战后的第一个月,新家峁发生了一件“小事”。
三号定居点的磨坊主老孙头,因为磨面时掺了麸皮太多,被买面的王大锤媳妇发现了。两人吵起来,老孙头嘴硬:“就这行情!你爱买不买!”
要是在从前,这种事要么吵完拉倒,要么闹到里正那儿各打五十大板。但这次不一样——王大锤媳妇直接去了新成立的“市易监”,把老孙头告了。
市易监的主事是个二十出头的年轻人,叫陈清,原是黄宗羲的学生。他接了这个“大案”,带着两个助手,拿着秤和量具去了磨坊。
一查,果然掺假。按新颁布的《市易管理条例》,罚老孙头停业整顿三天,罚没违法所得,公开道歉。
老孙头不服:“我从爷爷那辈就这么磨面!凭什么罚我?”
陈清不紧不慢:“新家峁有新规矩。从前是乱世,能吃饱就行;现在要治世,得讲公平。你这面,一斤里掺了三两麸皮,收的却是白面价。这不叫买卖,叫骗。”
“可、可大家都这样啊!”
“所以更要罚你。”陈清说,“罚了你,别人就不敢了。”
老孙头还想闹,陈清补了一句:“再闹,送你到李大人那儿评理。”
老孙头立刻蔫了。
这事传开,震动不小。百姓们发现:新家峁的规矩,真不是说说而已。从前那种“差不多就行”的日子,一去不复返了。

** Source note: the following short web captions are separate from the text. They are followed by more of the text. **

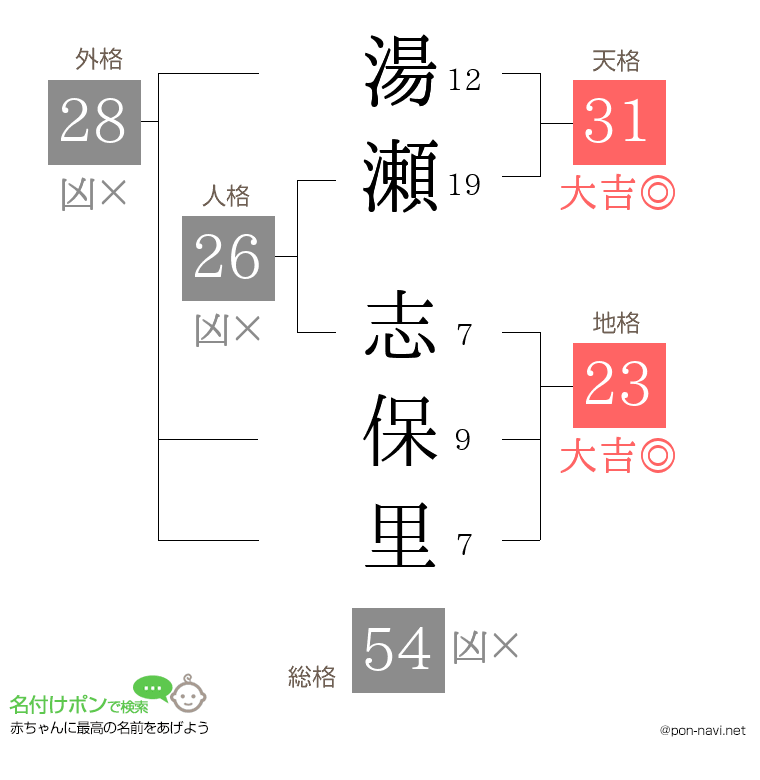 湯瀬 志保里さんの姓名判断結果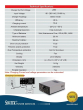 iShopping - SIMTEK Automatic Battery Charger 24V/10 Ampere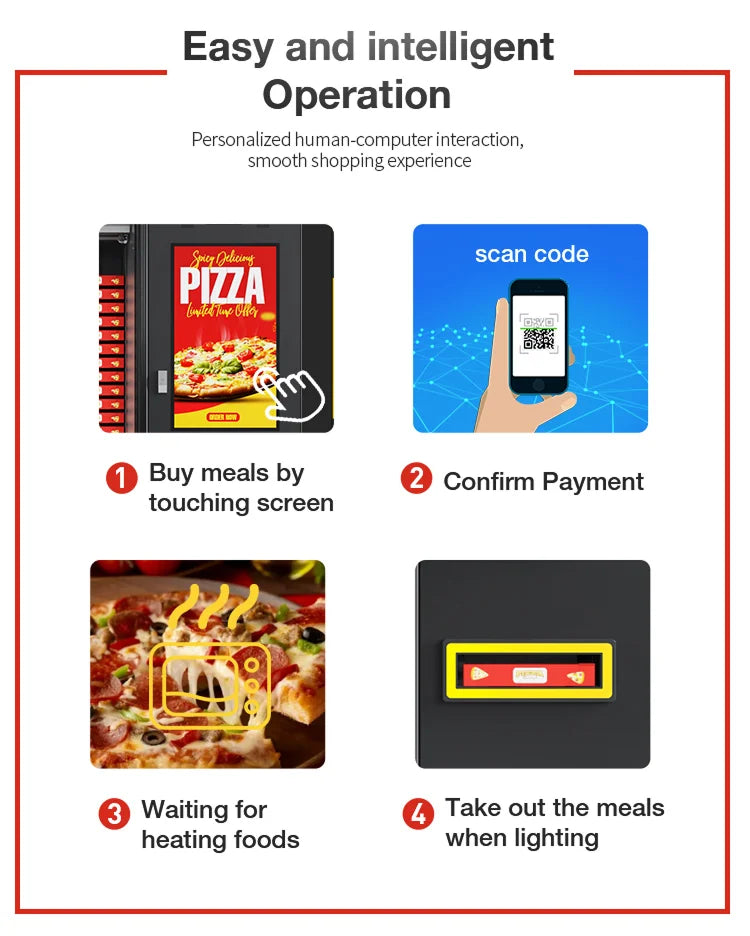Pizza Vending Machine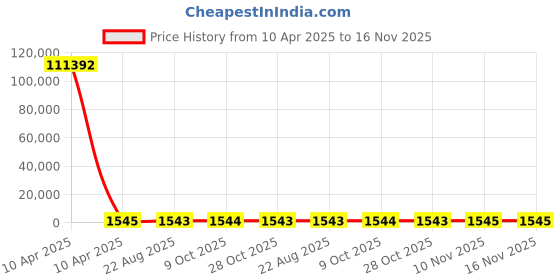 moglix.com YG-1 10x184mm Long Series HSS M2 Bright Finish Parallel Shank Twist Drill, D1104 yg-1 Price History Graph from 10 Apr 2025 to 15 Nov 2025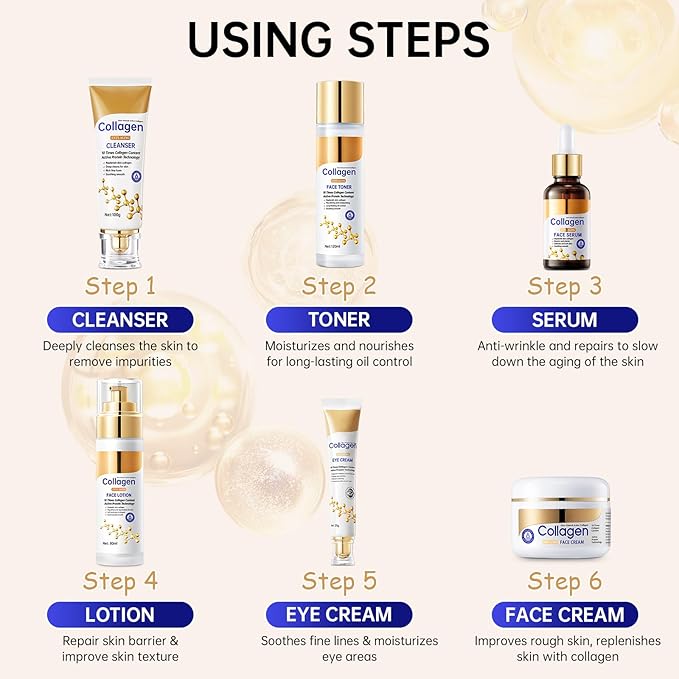 Collagen Skin Care Set, Anti Aging Skincare Set for Face, Shrink Pores, Hydrate & Firm Skin, 6 Pcs Individually Packaged Skincare Kits for Women with Cleanser, Toner, Lotion, Serum, Cream, Eye Cream.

而这一切的变化,都源于那场战争,源于战后李健一系列“巩固领导力”的举措。
战后第一个月,李健做的第一件事,就是扩军。
不是盲目扩,是有计划的扩。他在议政司大会上提出:“五万兵守一百五十万人,不够。蒙古人败了,但还有流寇、土匪、还有边境的其他蒙古部落。咱们得有一支真正能打的常备军。”
到底要扩张多少兵力才合适呢?又该如何去实施这个计划呢?
李定国深思熟虑后提议道:“我觉得可以将兵力扩大至六万人左右。其中,骑兵部队应增加至一万五千人,以增强机动性;而火器营则可扩充至五千人,提高火力优势;剩下的四万人作为步兵主力,负责正面作战。”
他的话音刚落,钱小满便迫不及待地发问:“那这么多士兵所需的军费开支怎么办?资金方面是否能够得到保障呢?”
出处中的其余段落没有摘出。